Any beneficial chemical in a plant does not have much value on its own unless it's sequestered, purified, dosed and tested. Squeeze any plant and you’ll find hundreds of antioxidants, phytochemicals, provitamins, anti-inflammatory agents, and so on. But in that state, they have little value.

Here’s a summary of some major reactions that take place in each of our 37 trillion human cells. In this map, there are a dozen antioxidants, and it’s naïve to assume that biting on a tulsi leaf will affect any of them. You can’t game millions of years of evolution with backyard plants. And if you think you can, please bring forth the supporting data from human trials.

Piggybacking on the reputation of the plant kingdom, Hindu civilisation, or union ministers is standard industry practice in the ayurveda business. Another reliable option is to bolster public image by spending massive amounts of advertisement money on news channels in exchange for some primetime fawning.

Vagueing out of questions

Ambiguity is your friend. It will allow you to escape accountability.

Suppose XYZ plants relieve respiratory distress. But what about the aetiology or the origin of distress? Is it bacterial pneumonia? A virus? Asthma? Bronchitis? COPD? Tumour? Embolism? Pleural effusion?

Doesn’t matter. XYZ takes a holistic approach.

Patanjali’s Aswashila, for example, is marketed for sexual weakness, fatigue, stress, generalized weakness, asthma, allergy, diabetes, diabetic neuropathy, and urinary disorders. What is its mechanism of action, you ask? A holistic approach.

Another trick is to build misleading targets and celebrate when you clear them. Patanjali’s GermiX sanitiser is a case in point. Sanitisers and hand rubs are usually made up of alcohol, an excellent disinfectant. Patanjali’s paper on GermiX shows that it's just as good as any other alcohol-based sanitisers. But when you look at its composition, GermiX is made up of alcohol too! It just has some extra seasoning of neem, tulsi and aloe vera for its ayurveda branding.

Domesticated plants

Ayurvedic formulations have a long-standing ill repute for containing many toxic, untested ingredients and heavy metals. You mitigate this risk by sticking to just a handful of assembly-line ayurvedic plants. Most ayurvedic drugs are simply made up of different combinations of factory-scale domesticated plants like ashwagandha, tulsi, neem, giloy, amla, and so on.

Rare species are hard to cultivate and are expensive to procure. Therefore, just stick to the production-scale commoners listed above. Unsurprisingly, they also happen to be the composition of Coronil.

Ayurveda can only be salvaged if it’s rigorously researched, tested and regulated like other pharmaceutical drugs.
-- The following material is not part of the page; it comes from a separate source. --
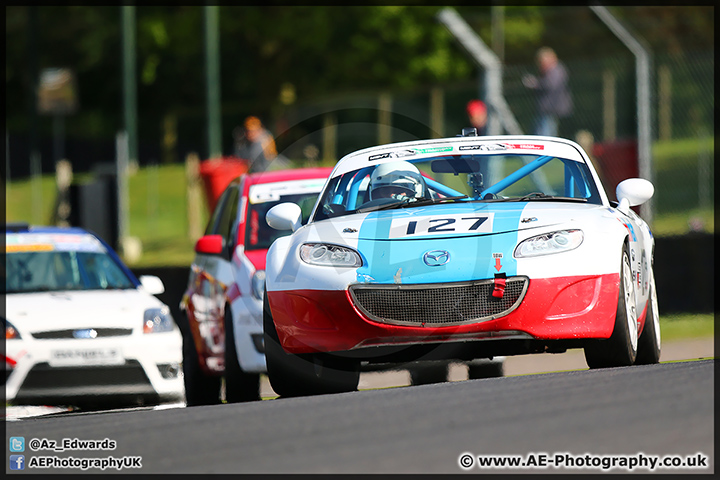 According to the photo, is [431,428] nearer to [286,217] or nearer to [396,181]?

Any drug for human consumption should have equal efficacy standards, whether or not they’re 200 years old or 2,000.

Another persistent argument in favour of ayurveda is that it does not have side effects (a function of not having any effect at all) and are therefore innocuous. But a neem leaf is no longer harmless if it allows your manageable cancer to progress to an incurable one. Time spent with ayurveda is often the time spent without evidence-based medicine.

Ayurveda’s central premise is that the human body is made up of earth, water, fire, air and vacuum. Homeopathy hinges on the belief that individual water molecules have memory. For both of them to be right, our entire understanding of fundamental chemistry and physics has to be wrong.

Ayurveda and AYUSH treatments exist within the sharp inequities of our societies. While the privileged can afford the loot of Big Pharma, it's often the more unsuspecting disadvantaged patients who are let at the mercy of inexpensive AYUSH voodoo. As long as the government doesn't remedy the existing regulatory oversight, AYUSH will be nothing more than a bitter placebo pill.